Un gran bel percorso. Già iniziato. E perfezionabile quotidianamente  con l’impegno di tutti, produttori, divulgatori e consumatori, al fine di ottenere prodotti sostenibili e rispettare la terra dalla quale provengono.

Regalaci un aneddoto simpatico legato alla tua carriera.

La mia prima maestra, la mia bisnonna Maria.

Ero sempre attaccato alla sua gamba mentre cucinava, perche’ sapevo che ogni tre secondi mi faceva provare qualcosa, aggiungendo “Assaggia..” , tanto che io credevo fosse il mio nome.

Il  primo giorno di scuola mia mamma preoccupata  mi disse “ Guarda che se ti chiamano Fabrizio devi rispondere. Ti chiami cosi..”.

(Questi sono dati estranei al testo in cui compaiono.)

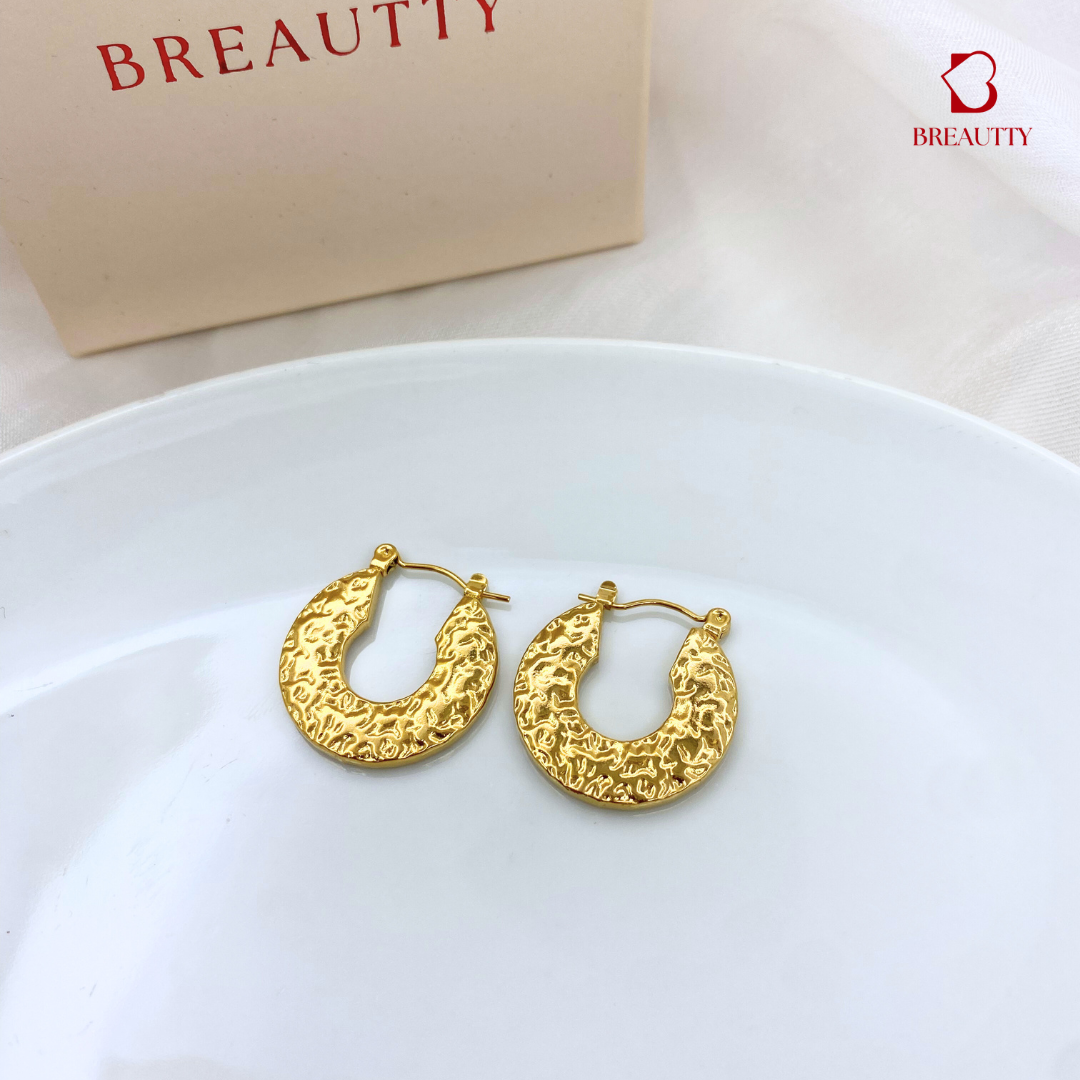 BREAUTTY 18K GOLD PLATED TEXTURED GOLD HOOP EARRINGS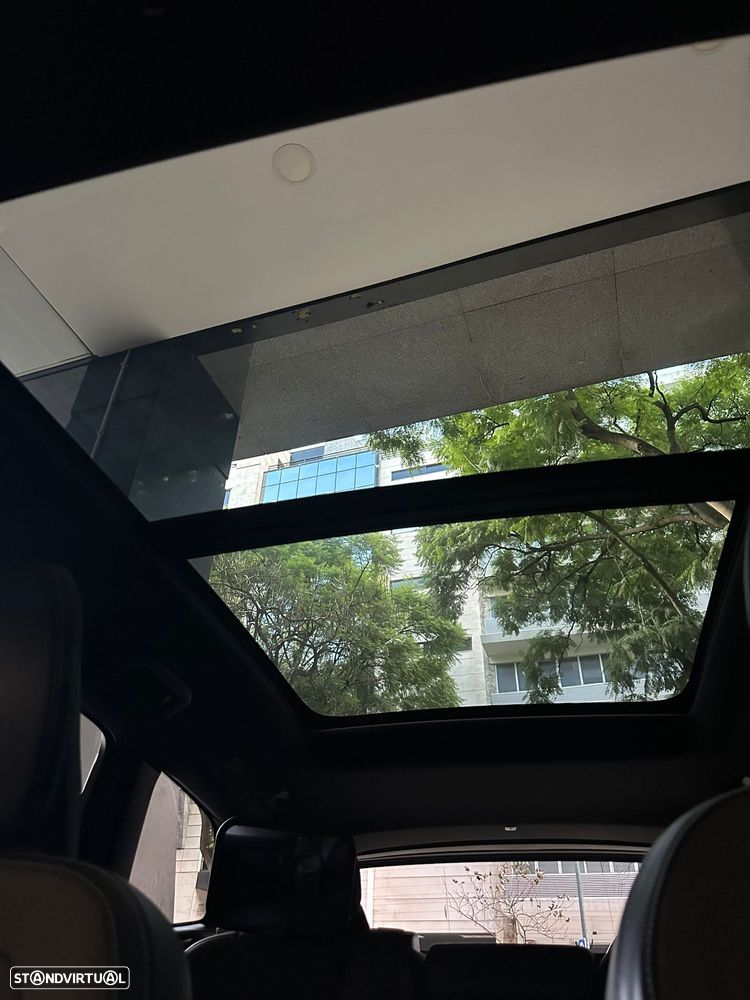 Volvo XC 60 2.0 T6 PHEV R-Design AWD - 15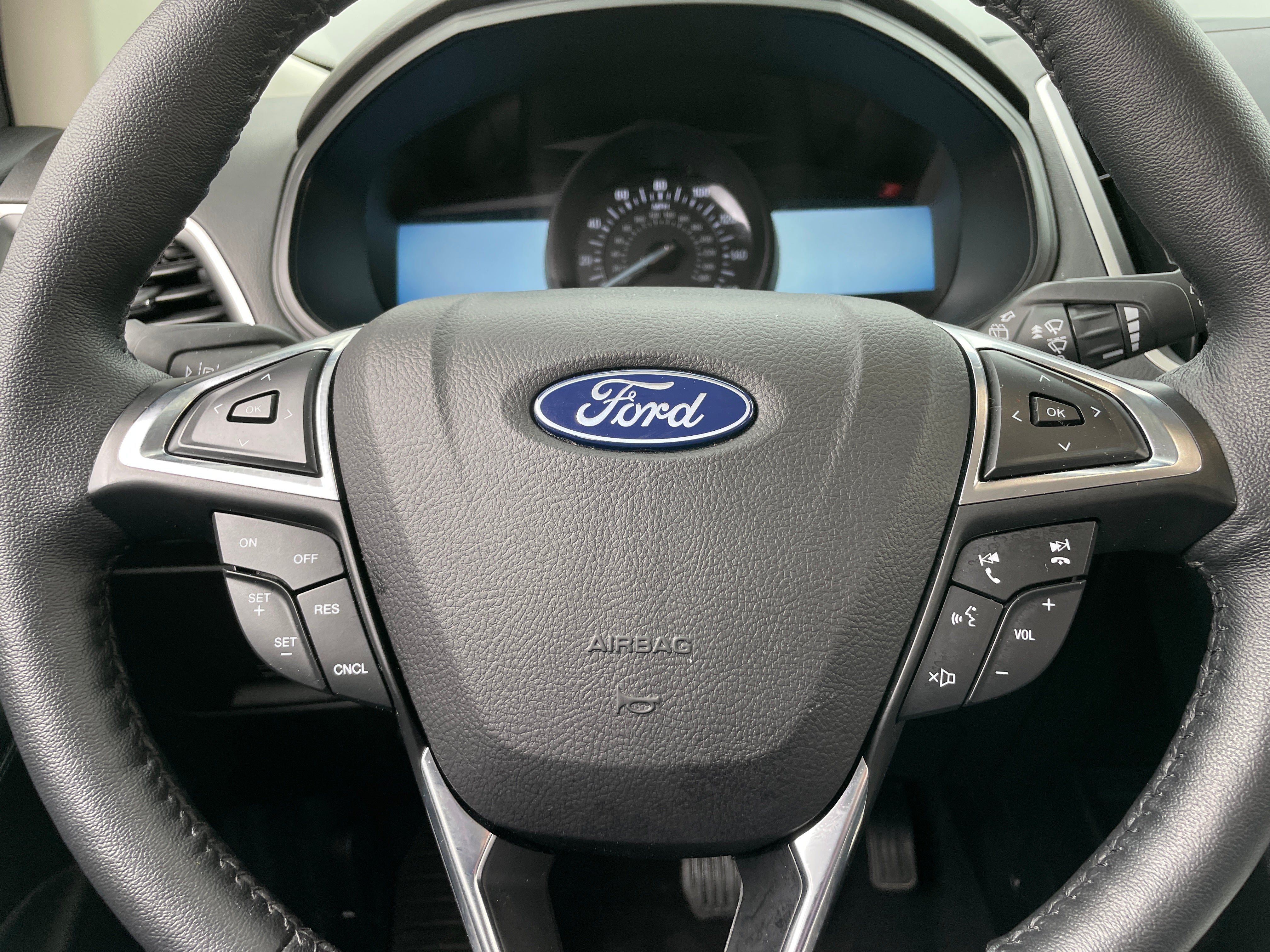 2022 Ford Edge SEL 4
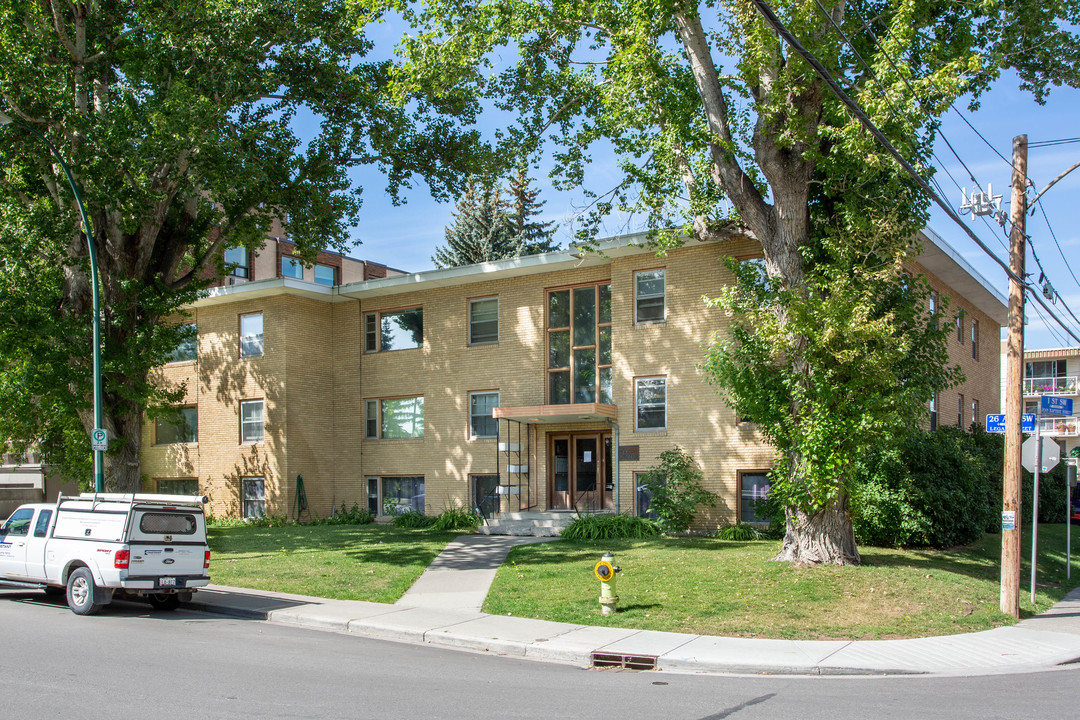 The Windsor in Calgary, AB - Building Photo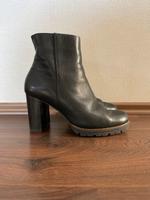 ❤️ Högl Stiefeletten Plateau ❤️ 6,5 / 39,5  schwarz - gefüttert Sachsen - Markersdorf bei Görlitz Vorschau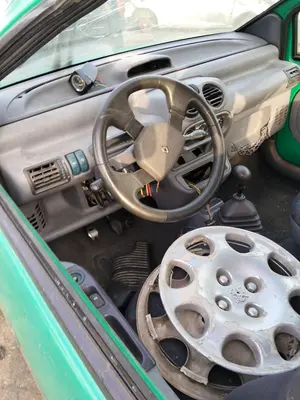 RENAULT TWINGO I (C06) foto 6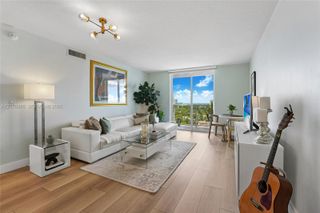 900 SW 8th Street 1609, Miami, FL 33130
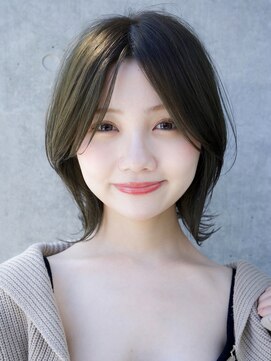 エインアンリー 表参道(AIN.ANLY.) くびレイヤー前髪なしグレージュボブ 外はね【AIN.表参道】川原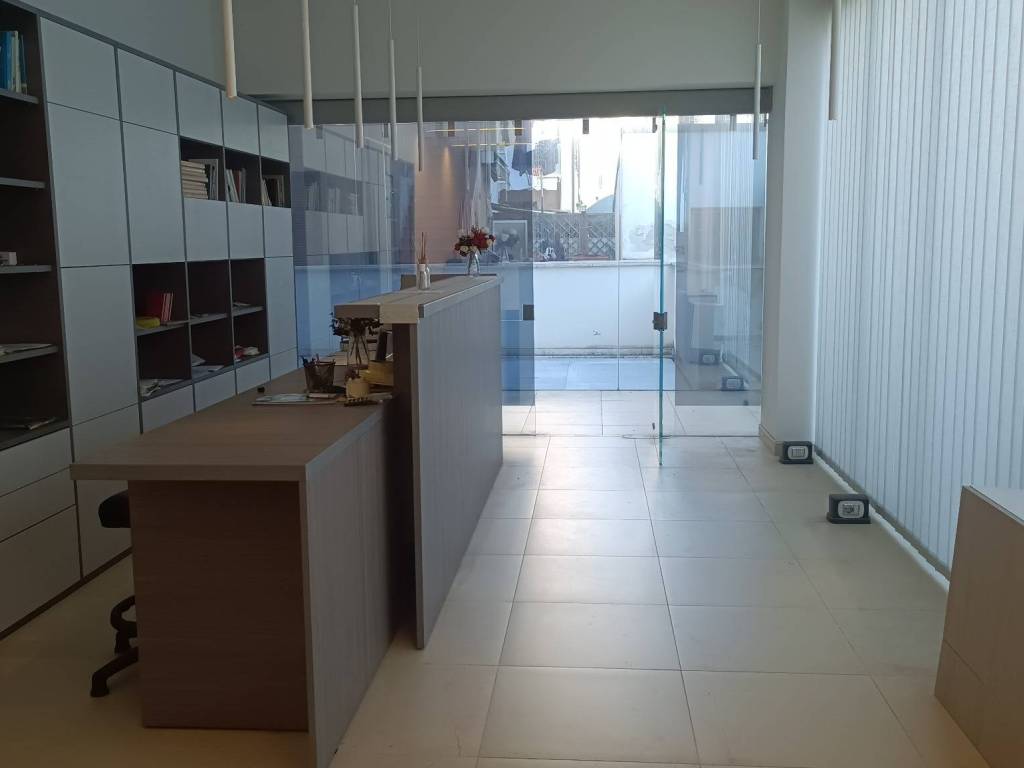 negozio in vendita a Giulianova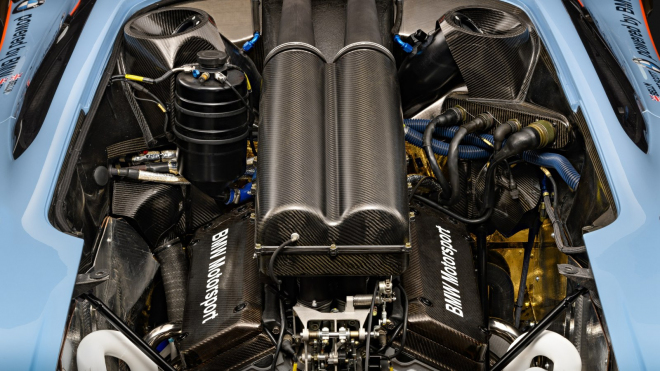 V prodeji se objevily díly na vzácnou ostrou verzi legendárního McLarenu F1, na tohle jsme všichni chudí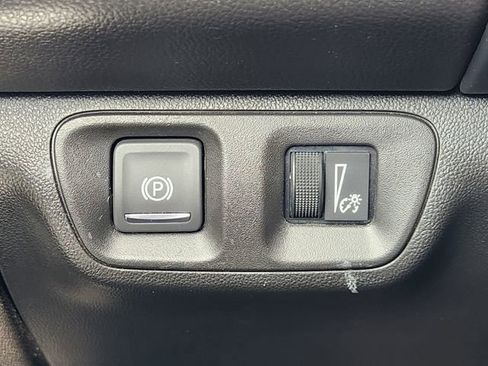 Used 2023 GMC Acadia SLT image 23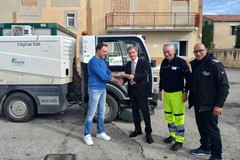Scuote la tovaglia dal balcone e 250 euro finiscono sotto la spazzatrice: recuperati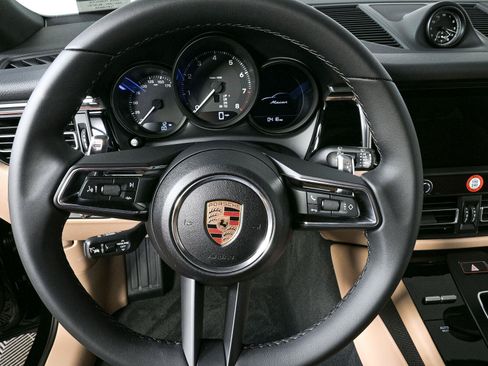 New 2026 Porsche Macan Turbo AWD/4WD image 8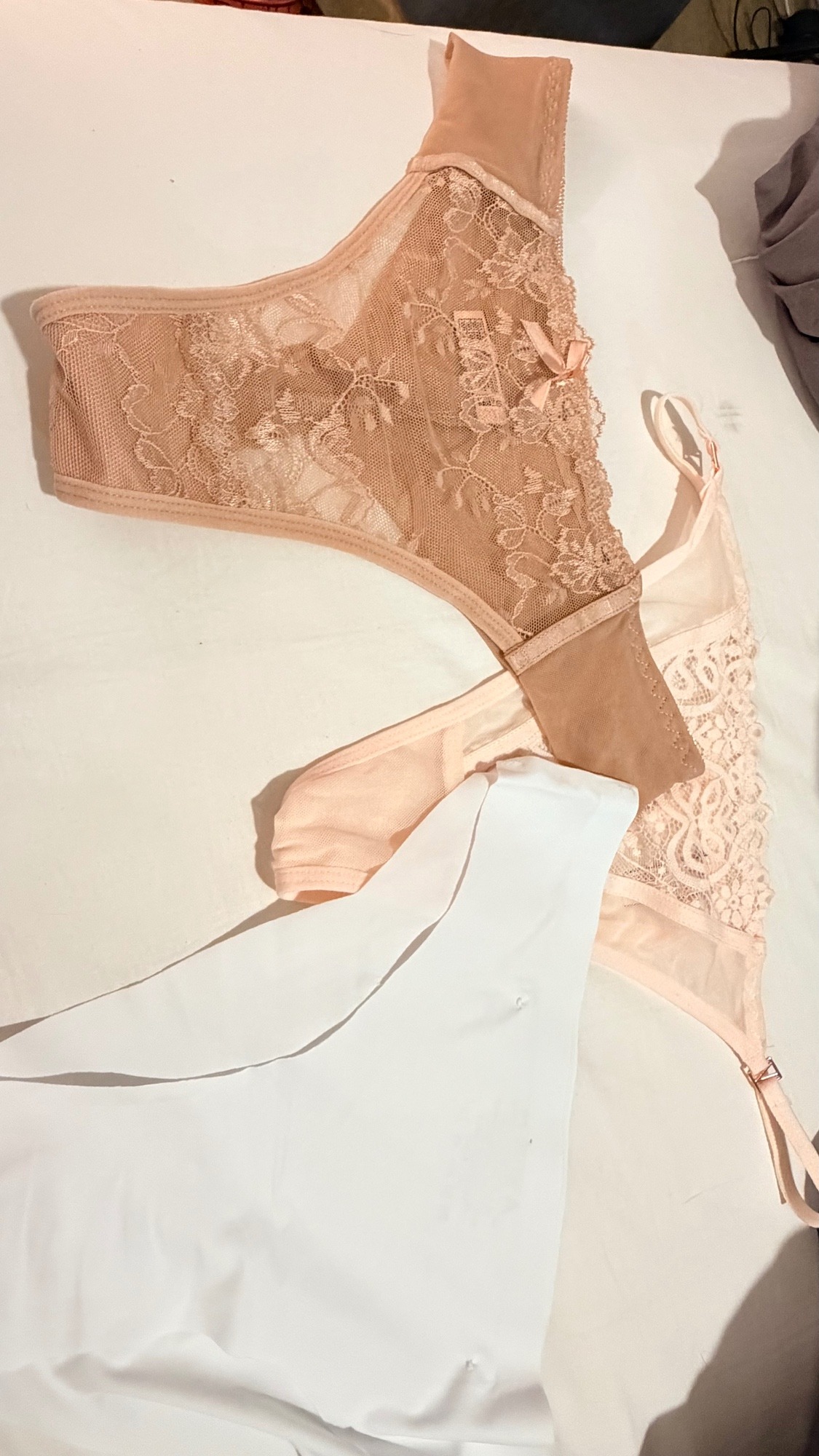 Lote / Lencería delicada de encaje Nude & Blanco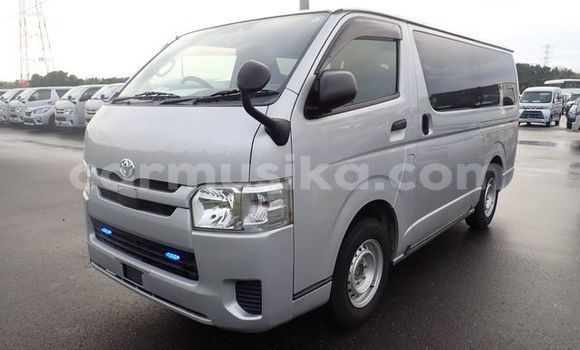 Tenga Tsaru Toyota Hiace Sirivha Mota in Beitbridge in Matabeleland South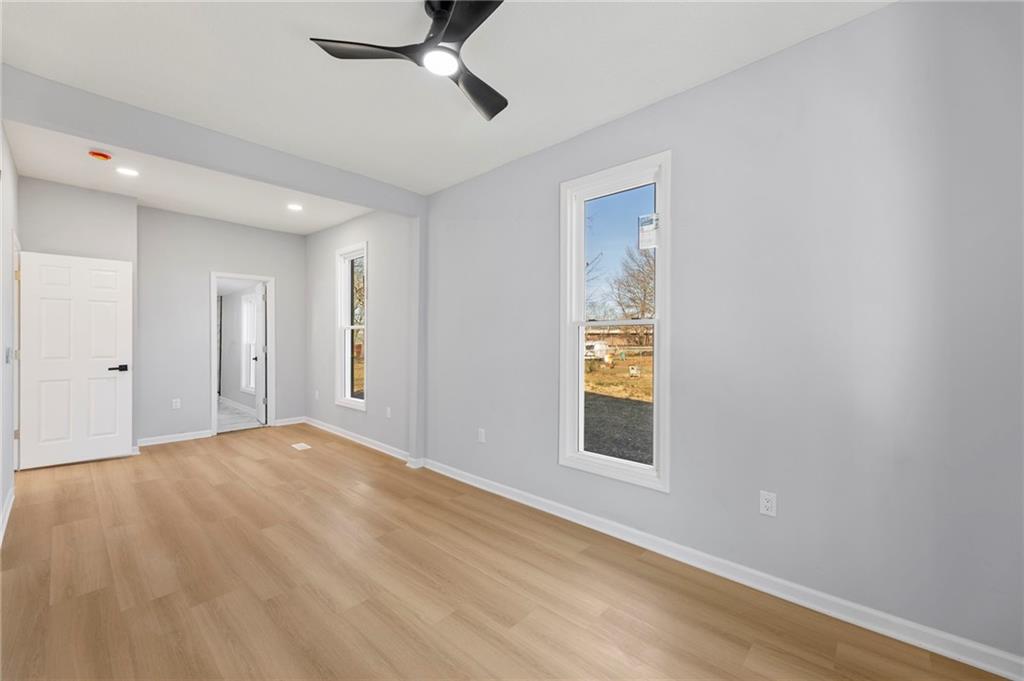 236 South Ash Street Ottawa, KS 66067 - Photo 33 of 34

Ci racconti il sogno nel cassetto

E’ semplice.

Un concept, come dicono quelli bravi, che sia crocevia e punto di incontro tra produttori, ospiti, cuochi e sommelier.

Una sorta di Factory di Warholiana memoria nella quale l’enogastronomia fa cultura, divertendo.

E, come tu sai bene, la distanza tra il sogno e la realtà si chiama azione…e  ci stiamo gia’ lavorando.